The Trump administration’s proposal to create a $1 billion central fund for recognizing top performing federal employees would in large part revive similar effort of the Bush administration.

In 2003, the Bush White House proposed a “human capital performance fund” of $500 million, making the same argument that the Trump administration is now using: that the current system rewards employees for longevity more than it does for performance. It also similarly characterized the proposed fund as a down payment toward a comprehensive reform of pay.

At the time, federal unions raised the same concerns that they already have raised regarding the Trump proposal: that the performance ratings system is inconsistent, unreliable and vulnerable to favoritism and other forms of abuse. Some members of Congress at the time echoed those concerns but the key committees overseeing the federal workforce—then as now both headed by Republicans—backed the idea.

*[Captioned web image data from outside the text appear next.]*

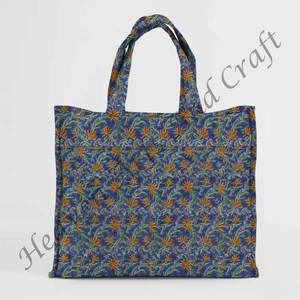 กระเป๋าสะพายไหล่ผ้าควิลท์ผ้าฝ้ายขนาดใหญ่ทำด้วยมือสำหรับผู้หญิงกระเป๋าสะพายไหล่ทรงสี่เหลี่ยมพิมพ์ลายดอกไม้หรูหรา - Product Image 5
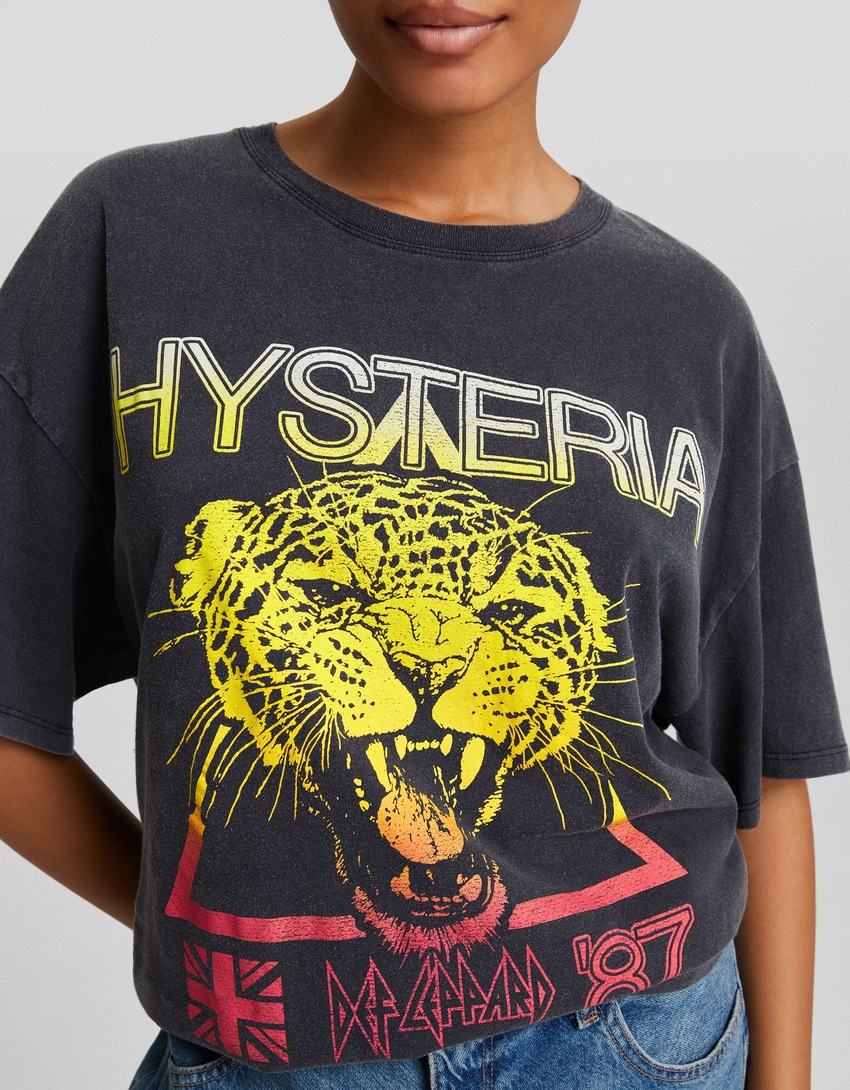 Camiseta de manga curta com estampa do Def Leppard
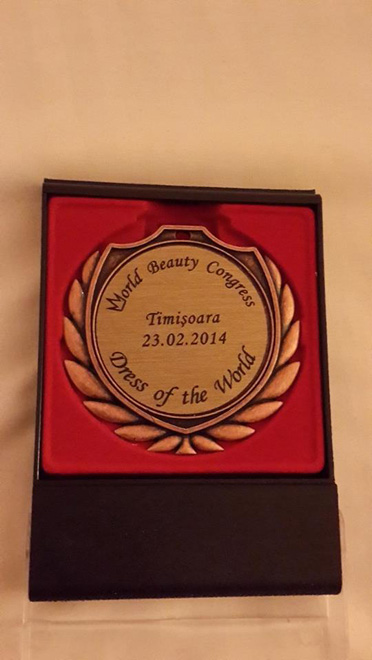 Азербайджанский модельер стала победителем международного конкурса в Румынии (ФОТО)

Congress eventually included language in a DoD spending bill authorizing the fund. Under its terms: each agency would receive a share based on their percentage of the overall federal payroll and would have had to craft plans, subject to OPM approval, on how they would use the money; agencies could make payouts to up to 15 percent of their employees of up to 10 percent of salary; and payouts would be raises, not bonuses, and thus would count for purposes including retirement calculations.

However, action by appropriators was needed to actually create it. They in turn allotted only enough to get the program on the books. It never has been repealed, although it also never has been funded enough to actually make payouts.